Posts tagged ‘Grimspace’
I’ve started working on my “Best of 2008” list and have hit a few snags.
One, is that I am completely incapable of limiting myself to a short list. No “Top 5” or even “Top 10” for me! At least not at this point. The best I can come up with (at least for now) is a few lists, based on genres or categories. That way, I can avoid apples and oranges comparisons between different kinds of books. For example, my reading experience and mindset of a murder mystery is quite different than they are than, say, if I’m reading an m/m romance.
Of course if I’m reading an m/m mystery romance, than what I’ve just said is shot to hell. (I’m looking at you, Adrien English Mysteries!) Which brings me to another issue I’ve had working on this end of year stuff:
How limiting or helpful are genre designations?
Of course, some classification is necessary. I mean, I don’t want to walk into Barnes and Noble and have to sort thru auto repair manuals when looking for Lisa Kleypas. However, with many books being much more complex than a simple “romance” or “sci fi” story, how limiting are these classifications, and especially sub-classifications? How many hypenated, genre-slash-genres must we come up with to accurately describe a work of fiction? (*coughMyFairCaptaincough*)
I struggle enough when I have to fill out a form, and they ask me a yes or no question, and expect me to check a box. I’m always thinking, “Yeah, but what about … (fill in any random extenuating circumstance here)?”
I’ve gone back and forth on whether to add genre notations on my booklists here on my blog. I feel like sometimes adding them will prevent someone from checking a book out, because they’ll see the genre or a sub-category of that genre, and think, “Well, I don’t really read … romance (or fantasy or sci fi or m/m)” and then ignore a truly wonderful and worthy-to-be-read book.
Also, while categorizations are supposed to clarify things, and give us a sense of what to expect, sometimes they seem to create greater confusion about a book. Exactly where is the dividing line between Urban Fantasy and Paranormal Romance? If a book is a “Sci Fi/Romance” (as is the case of Ann Aguirre’s excellent Grimspace) is it in the Sci Fi section or the Romance section? Won’t the placement mean that a whole group of readers will never consider reading it because they don’t consider themselves “Sci Fi readers” or “Romance readers”?
I’ve been wanting my husband to listen to the audiobook of Outlander by Diana Gabaldon. He’s a very open-minded reader (when we met in college his major/minor was Literature/Women’s Studies.) He loves historical fiction as much as I do, and always into novels with high-adventure content. He’s also a big fan of the Anita Blake series (tho’ he’s only read up to book 5 of that so far—no erotic Anita yet!) But, does the “romance” aspect of Outlander, a truly incredible novel, push it more into the “romance” category?
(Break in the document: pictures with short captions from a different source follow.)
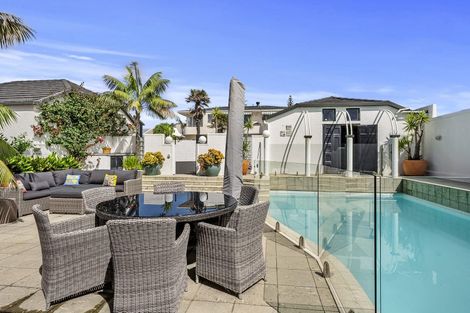 Photo of property in 1/15 Craig Road, Milford, Auckland, 0620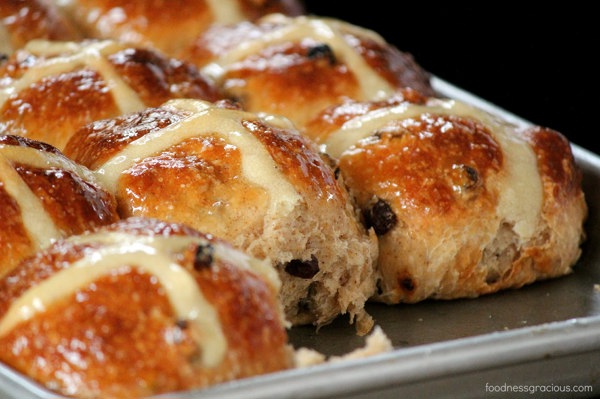 What day are people supposed to eat hot cross buns?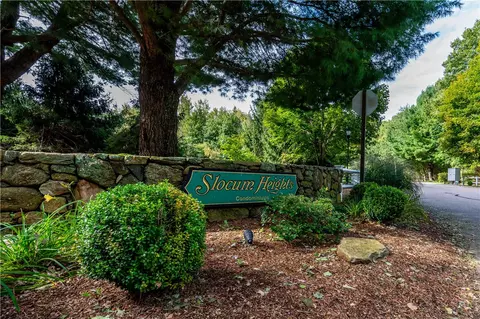 160 Allegra Ln, North Kingstown, RI 02852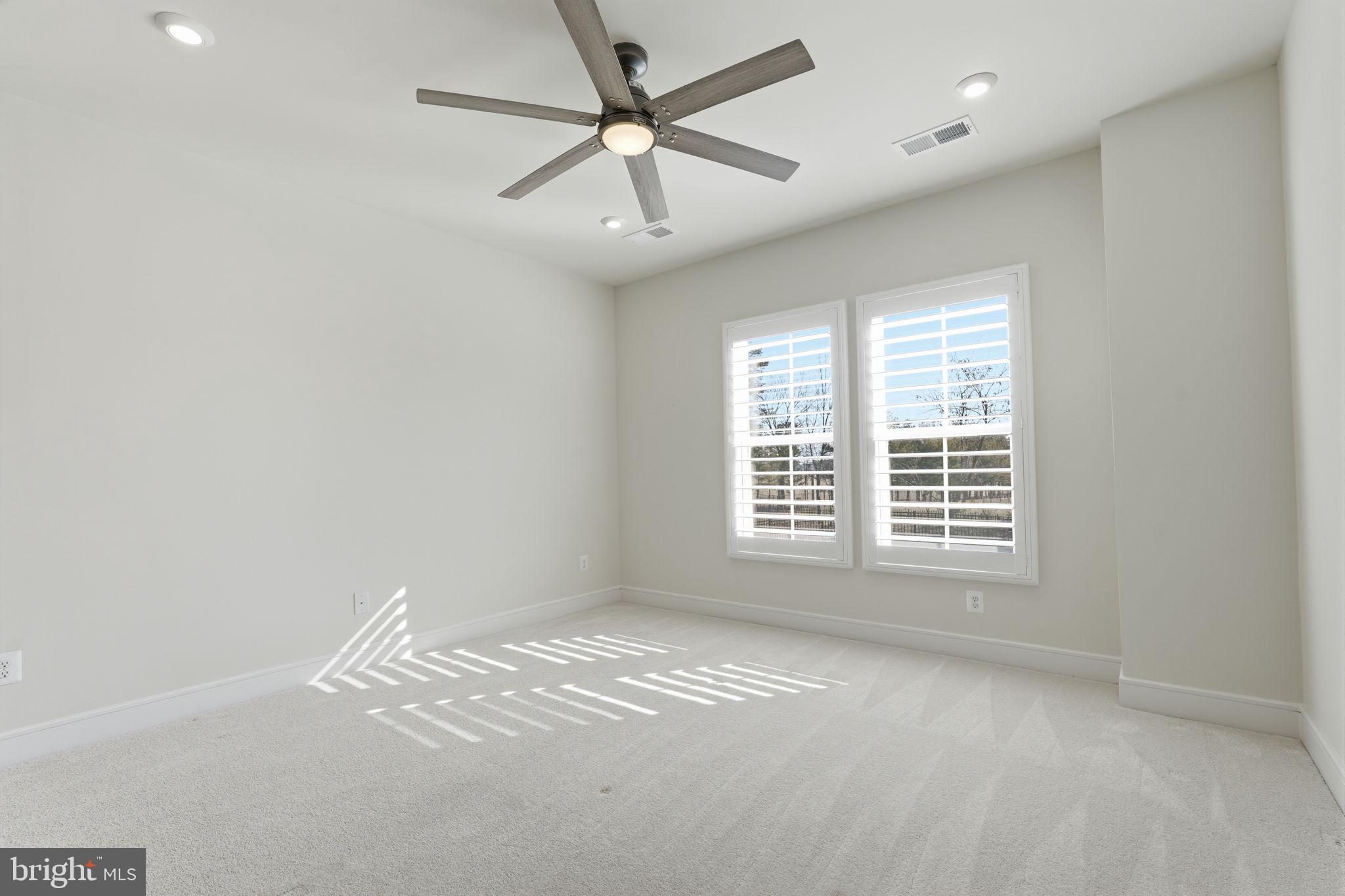 ROBINSON MANOR - Residential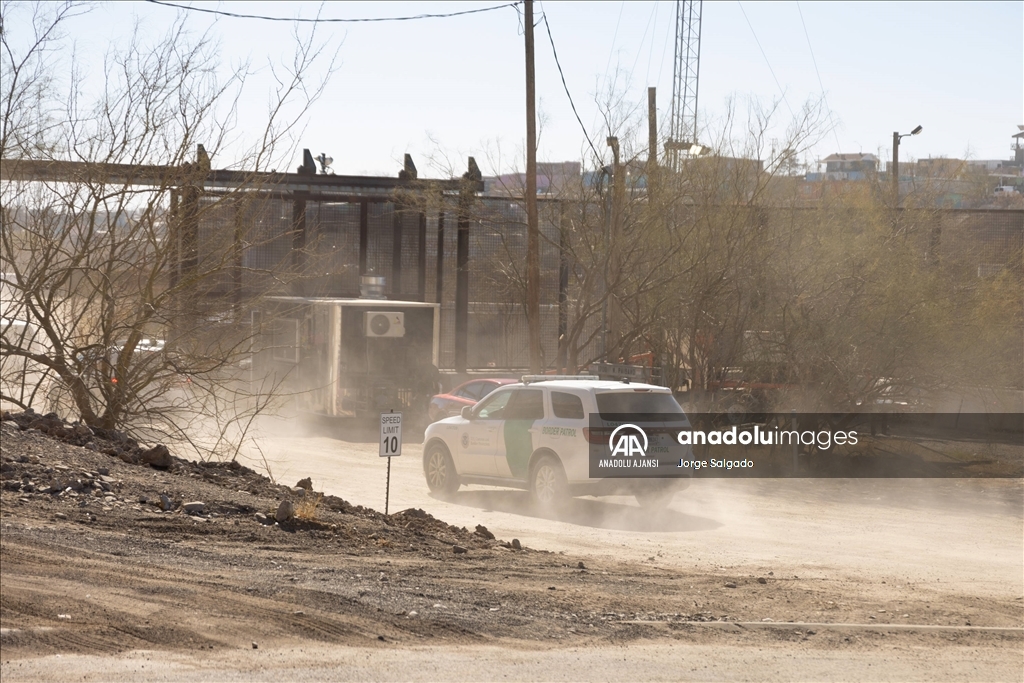 Texas sınırında duvarı inşaatı çalışmaları yeniden başladı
I can’t imagine him reading a straight-forward romance.
I’d be really interested in hearing your opinions on this topic.
I get the need for some genre categorizations, but do you think sub-genres are too limiting? Or are they helpful?
Are there books that you love that you might not have read if you had first known it was of a specific genre or sub-genre?
Well, I guess I’ll get back to work on those end of year lists!
ETA: I LOVE all the books I’ve mentioned above. (You will probably see them on the aforementioned “Best of” lists. My problem isn’t with the fact that these books are cross-genre. It’s with the need to break them down into these categories.